Lam admitiu “deficiências” na forma do Governo lidar com o processo que levou a “controvérsias e disputas na sociedade, causando dissabores e preocupações entre as pessoas”. “[Lam] pede desculpa ao povo de Hong Kong e promete adotar uma atitude sincera e humilde por forma a aceitar as críticas e a melhorar a forma como serve os cidadãos”, refere a nota emitida ontem pelo Governo.
A lei de extradição foi no sábado suspensa indefinidamente por Lam, depois de na semana passada terem eclodido confrontos entre manifestantes e as autoridades, com estas últimas a reprimirem violentamente os primeiros.
Sem garantias de a lei ter sido mesmo suspensa, os manifestantes voltaram a pressionar o Governo de Lam ao saírem ontem à rua no centro da cidade. Exigiram o fim da violência, e o abandono definitivo da lei. “Adiamento não é cancelamento”, lia-se numa das tantas faixas empunhadas pela multidão em marcha. Muitos dos manifestantes – vestidos de preto – seguravam cravos brancos e letreiros onde se liam “os estudantes não fizeram motins”.
No sábado, Lam recusou-se a pedir desculpa pela violência e hostilizou ainda mais quem protestou nas ruas da cidade, classificando os protestos como “motins organizados”. Esta não é a opinião da diretora da Amnistia Internacional de Hong Kong, Man-Kei Tam, que criticou a brutalidade da resposta policial de quarta-feira: “A polícia aproveitou os atos violentos de uma pequena minoria como pretexto para usar força excessiva contra a grande maioria de manifestantes pacíficos”.
Neste domingo, os manifestantes voltaram a apontar o dedo a Lam e a protestar contra a violência das forças de segurança. Catherine Cheung, manifestante de 16 anos, disse à Reuters, que Lam “é uma líder terrível, cheia de mentiras. Acho que o adiamento da lei é um truque para nos acalmar.” Opinião partilhada por uma outra manifestante, agora de 18 anos: “Suspender a lei, mas não a cancelar é como segurar uma faca sobre a cabeça de alguém e dizer: ‘Eu não te vou matar agora’. Mas posso fazê-lo a qualquer altura”.

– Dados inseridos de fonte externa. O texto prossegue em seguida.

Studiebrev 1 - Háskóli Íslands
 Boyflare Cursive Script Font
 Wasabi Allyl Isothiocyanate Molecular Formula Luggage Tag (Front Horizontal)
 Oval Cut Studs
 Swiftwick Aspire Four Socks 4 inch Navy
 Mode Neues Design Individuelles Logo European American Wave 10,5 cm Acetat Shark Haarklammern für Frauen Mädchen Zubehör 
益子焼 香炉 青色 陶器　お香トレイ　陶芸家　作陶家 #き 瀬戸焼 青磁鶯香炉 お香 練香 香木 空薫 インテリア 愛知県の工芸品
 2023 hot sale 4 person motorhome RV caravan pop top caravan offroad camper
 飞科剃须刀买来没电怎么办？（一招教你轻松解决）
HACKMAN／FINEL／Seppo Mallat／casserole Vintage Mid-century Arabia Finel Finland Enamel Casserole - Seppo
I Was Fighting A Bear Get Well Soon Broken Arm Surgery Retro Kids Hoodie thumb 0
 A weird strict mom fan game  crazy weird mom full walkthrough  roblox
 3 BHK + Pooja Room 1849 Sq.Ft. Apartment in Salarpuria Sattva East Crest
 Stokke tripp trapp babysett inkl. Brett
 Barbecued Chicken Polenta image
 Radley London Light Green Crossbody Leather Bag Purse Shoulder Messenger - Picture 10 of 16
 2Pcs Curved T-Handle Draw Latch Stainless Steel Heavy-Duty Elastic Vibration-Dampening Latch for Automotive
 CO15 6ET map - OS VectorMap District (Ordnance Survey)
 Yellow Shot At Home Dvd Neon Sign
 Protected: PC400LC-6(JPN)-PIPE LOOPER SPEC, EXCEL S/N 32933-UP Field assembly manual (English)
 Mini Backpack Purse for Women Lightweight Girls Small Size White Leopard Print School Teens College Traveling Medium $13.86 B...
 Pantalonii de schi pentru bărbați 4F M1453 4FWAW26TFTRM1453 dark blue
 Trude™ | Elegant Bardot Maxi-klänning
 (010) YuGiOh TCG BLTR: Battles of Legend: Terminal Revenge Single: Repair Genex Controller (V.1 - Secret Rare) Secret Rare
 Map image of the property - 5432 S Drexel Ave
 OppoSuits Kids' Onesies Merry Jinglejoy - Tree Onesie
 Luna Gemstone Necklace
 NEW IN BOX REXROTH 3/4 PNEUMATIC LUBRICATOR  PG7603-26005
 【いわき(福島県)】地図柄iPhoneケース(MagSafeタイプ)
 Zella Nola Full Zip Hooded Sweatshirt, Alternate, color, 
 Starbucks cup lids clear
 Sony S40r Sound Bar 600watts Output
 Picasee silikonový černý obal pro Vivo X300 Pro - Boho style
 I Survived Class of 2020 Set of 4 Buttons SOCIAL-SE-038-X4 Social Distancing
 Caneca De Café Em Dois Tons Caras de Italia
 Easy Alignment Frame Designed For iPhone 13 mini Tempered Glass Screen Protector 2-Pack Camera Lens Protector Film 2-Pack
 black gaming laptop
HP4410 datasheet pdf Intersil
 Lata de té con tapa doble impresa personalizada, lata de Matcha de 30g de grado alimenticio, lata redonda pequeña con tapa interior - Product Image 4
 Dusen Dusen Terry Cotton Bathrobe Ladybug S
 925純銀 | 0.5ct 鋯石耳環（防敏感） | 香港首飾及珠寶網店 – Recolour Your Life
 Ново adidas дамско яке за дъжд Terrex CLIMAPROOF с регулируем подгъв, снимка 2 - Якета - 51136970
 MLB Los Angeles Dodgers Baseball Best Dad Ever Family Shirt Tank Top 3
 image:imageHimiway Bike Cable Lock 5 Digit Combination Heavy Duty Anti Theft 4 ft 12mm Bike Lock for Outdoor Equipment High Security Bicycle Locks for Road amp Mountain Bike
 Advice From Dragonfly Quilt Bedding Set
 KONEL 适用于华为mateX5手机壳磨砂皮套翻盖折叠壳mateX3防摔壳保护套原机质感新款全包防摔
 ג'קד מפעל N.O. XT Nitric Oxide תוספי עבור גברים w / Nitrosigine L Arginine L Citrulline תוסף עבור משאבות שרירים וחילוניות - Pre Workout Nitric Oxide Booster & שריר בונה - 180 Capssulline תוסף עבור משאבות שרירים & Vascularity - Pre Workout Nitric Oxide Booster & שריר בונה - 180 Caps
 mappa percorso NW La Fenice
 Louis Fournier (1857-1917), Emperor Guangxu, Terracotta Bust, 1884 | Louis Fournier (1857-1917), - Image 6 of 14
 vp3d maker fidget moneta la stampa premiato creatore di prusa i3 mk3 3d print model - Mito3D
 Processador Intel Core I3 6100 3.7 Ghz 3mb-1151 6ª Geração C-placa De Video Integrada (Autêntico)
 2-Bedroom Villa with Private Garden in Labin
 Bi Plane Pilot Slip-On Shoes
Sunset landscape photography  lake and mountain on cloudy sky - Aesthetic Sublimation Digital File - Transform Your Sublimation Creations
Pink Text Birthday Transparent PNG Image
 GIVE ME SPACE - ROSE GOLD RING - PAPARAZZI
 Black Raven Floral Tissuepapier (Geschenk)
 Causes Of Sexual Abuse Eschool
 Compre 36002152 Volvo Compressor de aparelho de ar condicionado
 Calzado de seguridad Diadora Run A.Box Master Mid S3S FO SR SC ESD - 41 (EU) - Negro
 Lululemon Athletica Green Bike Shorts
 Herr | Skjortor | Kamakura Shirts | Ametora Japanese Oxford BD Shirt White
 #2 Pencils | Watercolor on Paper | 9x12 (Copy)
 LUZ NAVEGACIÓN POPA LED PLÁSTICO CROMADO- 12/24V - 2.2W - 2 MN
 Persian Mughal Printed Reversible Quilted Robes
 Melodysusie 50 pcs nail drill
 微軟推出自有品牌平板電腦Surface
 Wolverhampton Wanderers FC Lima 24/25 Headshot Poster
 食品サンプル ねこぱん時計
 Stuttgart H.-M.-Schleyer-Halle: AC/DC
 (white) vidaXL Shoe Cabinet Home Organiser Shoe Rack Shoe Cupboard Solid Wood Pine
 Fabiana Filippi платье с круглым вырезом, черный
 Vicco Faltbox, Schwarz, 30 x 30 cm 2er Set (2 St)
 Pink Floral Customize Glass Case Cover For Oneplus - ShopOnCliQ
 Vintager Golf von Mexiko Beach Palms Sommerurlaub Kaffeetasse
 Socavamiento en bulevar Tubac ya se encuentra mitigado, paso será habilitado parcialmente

O pedido de desculpas de Lam parece não ter convencido quem participa nestes protestos: Bonnie Leung, um dos organizadores da marcha, disse à Aljazeera que o pedido de desculpa não tem qualquer significado e não respondeu a algumas das questões essenciais que levaram milhões de pessoas às ruas, como a atuação das forças policiais na quarta-feira. “O povo de Hong Kong está cansado de ouvir mentiras por parte dos seus representantes. Quanto mais sinceros dizem ser, mais revoltados ficamos. O pedido de desculpas [de Lam] só lançou mais achas na fogueira”, afirmou.
Hong Kong tem um estatuto administrativo especial dentro do antigo Império do Meio, depois de ter sido um protetorado britânico até 1997, quando a soberania foi transferida para a China, sob o acordo “um país, dois sistemas”. O princípio constitucional que deu o estatuto semi-autónomo a Hong Kong foi formulado pelo antigo Presidente chinês, Deng Xiaoping, e deu autonomia legal, económica e financeira, inclusive a independência para formar relações comerciais com outros países, às regiões administrativas.